I know I have shared a lot of not-so-happy memories from my childhood, but despite all the negative, I have always been a very positive and happy person. At the end of grade school I had a teacher nickname me “Smiley,” because he said I was constantly smiling. He was hired by the High School to teach AP Government and I had him my Senior year of High School. Even then, he still called me “Smiley.” In fact, I could not help but smile almost all the time. My smile is what I get complemented on most. Even now, people frequently remark that I am constantly smiling. When I studied abroad in college, I was approached by an elderly Greek Man who asked me if I knew of: “Miss Universe? Miss USA?” I said “Yes.” He then said I would be “Miss Smile.” That I had a wonderful smile.

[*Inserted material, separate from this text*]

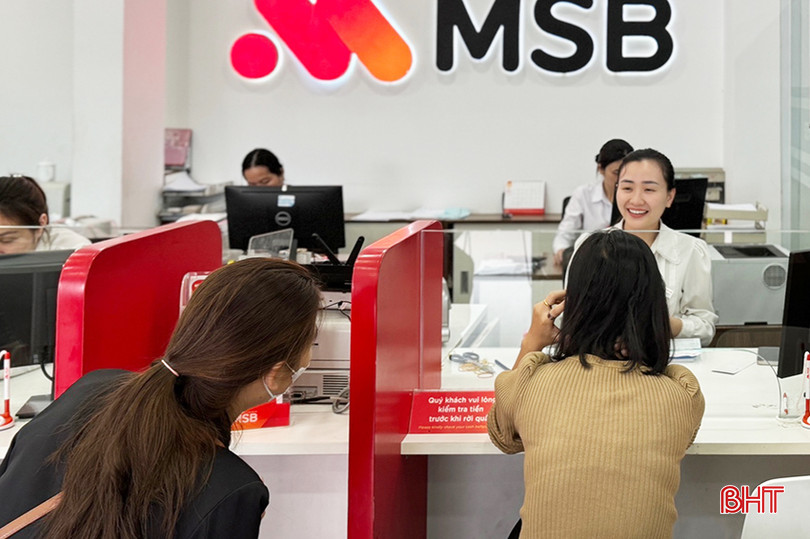 Khách hàng giao dịch tại MSB Hà Tĩnh. z5259810239622_3b25c9cc8eb54746b84be421ae1fa8d2.jpg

I always loved being around children. As soon as I was old enough, I attended a Red Cross Babysitting training class. After that, my parents allowed me to babysit. I had always enjoyed evenings playing with babysitters while my parents were out. At age twelve I began babysitting and I quickly established many regular appointments.

When I was fourteen I began babysitting for a family where the husband and wife both tele-commuted. I watched their young son from 8am to 5pm while they worked. It enabled them to see him whenever they took a break and to enjoy lunches with him. I watched him every summer for five years straight. It was the best summer job I ever had! Certainly, the most fun!

We had so much fun together. I took him to swim lessons. I would often take him to the beach with his Grandmother, who also lived close by. We rode bikes. I took him bowling, to the movies, miniature golfing, and I taught him how to snow ski. I loved my time with him!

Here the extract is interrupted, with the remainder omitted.